During the May 3 non-voting meeting of the Spring Hill Board of Mayor and Aldermen, Rockvale resident Elizabeth Coker approached the podium at City Hall during the citizens comment period.

Speaking on behalf of multiple groups including the Sons of Confederate Veterans and the United Daughters of the Confederacy, Coker said that she had been given "verbal agreements" from several organizations to move forward in developing an "umbrella organization" that could manage Rippavilla Plantation, and urged city leaders to consider delaying moving forward with BOFT.

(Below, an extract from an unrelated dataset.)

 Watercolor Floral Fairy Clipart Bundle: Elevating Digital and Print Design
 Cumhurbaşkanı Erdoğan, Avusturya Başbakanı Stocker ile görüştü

"I do oppose [this] for many reasons; first of all, I think all of you are familiar with the fact that you have had numerous telephone calls, emails [and] letters of concern over this issue," Coker said.

"This community's been very divided over this issue, it's become very political. This has become the albatross around the city of Spring Hill's neck, and one of the things that I have proposed is a different option. One of the problems we have is we have individuals outside of Maury County who want to have this plan that you're to consider for the management of Rippavilla."

Elizabeth Ann Coker, 61

Elizabeth Coker said that she also spoke on behalf of organizations such as the The Association for the Preservation of Tennessee Antiquities, among others.

Coker asked city leaders to grant the aforementioned organizations 30 days in order to prepare and deliver a presentation.

As to why the organizations did not respond to the RFQ put out by the city, Coker said that the request "caught [her and the organizations] off-guard."

"The efforts that I have put through in the last couple of weeks have been very rushed because we were really not aware; a lot of these organizations were not even familiar with the bid that had gone out previously in March," Coker said.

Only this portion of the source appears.